Lucy’s product specialists focus on offering customers even more reassurance about ordering online. A customer with a question about running tights or a sports bra can click on a tab below the image and fill out a query for the staff. Delhagen says the staff tries to reply in a few hours. Customers who don’t want to wait can call a toll-free number listed on merchandise pages—even though the number is nearly obscured in small type .
As they enter their second year at Lucy, Levin, Delhagen and their colleagues are challenged to make shopping the site easier, expand product lines with reliable supplier agreements, consistently ship orders on time, and generally make a good name for the company.

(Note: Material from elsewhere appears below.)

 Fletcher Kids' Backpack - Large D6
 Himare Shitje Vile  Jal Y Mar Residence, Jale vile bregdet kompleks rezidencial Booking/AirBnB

A recently inked deal with America Online will list Lucy on AOL’s shopping channel, helping build more visibility and traffic. And executives are mulling sponsorships of major women’s athletic events. Even more significantly, the company plans to enter the world of print by publishing a catalog this year. “Our customers tend to be young and busy,” says Delhagen, “and they want multiple channels.”
Improvements via a second-generation design are already under way, a pattern that’s become common with recently launched sites. Levin and Delhagen will only say that the new version, set to debut in late spring or early summer, will make the site faster.
Another e-commerce ritual that Lucy has conquered is financial backing. In January, Levin and Hochman secured $28 million in third-round financing from Oak Investment Partners and Maveron, with founding investors Sutter Hill Ventures and Foundation Capital kicking in, too. To Levin, the funding makes the process of establishing Lucy as a brand possible. “We’ve chosen our products meticulously, built a phenomenal team and created a cool storefront,” she says. “We now have everything we need to meet the huge customer demand for these products.”
Market moxie
John Lovett, sporting goods analyst at Gomez Advisors, Lincoln, Mass., agrees that the demand is out there for Lucy. What will bring customers back, he says, are the site’s community-building “Style in Motion” and Live and Learn” content sections. Lovett sees the appeal stretching across a diverse crowd that includes teens as well as 30-somethings. Lovett calls women’s sportswear “an important market that Lucy has staked an early claim on.”
That diversity means Lucy must cater carefully to its audience, says Levin, with content suited to various ages, interests and needs—hence articles dealing with both finding the right sports bra and buying a post-mastectomy bra. And a piece about how to dry out ski boots alongside another article addressing how women over 50 can get fit.
In fact, Lucy.com is based on an understanding that the marketing model used for most sports doesn’t apply well to women. Women shop differently than men and respond to different marketing techniques. “What works on men—like sports hero endorsements—doesn’t work on women,” Levin says. “Not enough retailers know the needs of women and address them in a quality way.” •
Sue Levin
— Experience
March 1999-present: Cofounder and CEO of Lucy.com.
1998: Finalist for Sporting Goods Business magazine’s Woman of the Year award.
1999-1997: U.S. women’s brand director, Nike Inc.
1994-1996: Founded and directed the Women’s Sports Marketing Department, Nike Inc.
1991-1998: Editor-in-chief, City Sports magazine.
1987: Associate Editor, Women’s Sports & Fitness magazine.
1986: Contributed to the startup of Walking magazine.
— Education B.A. in history, Swarthmore College, Swarthmore, Pa.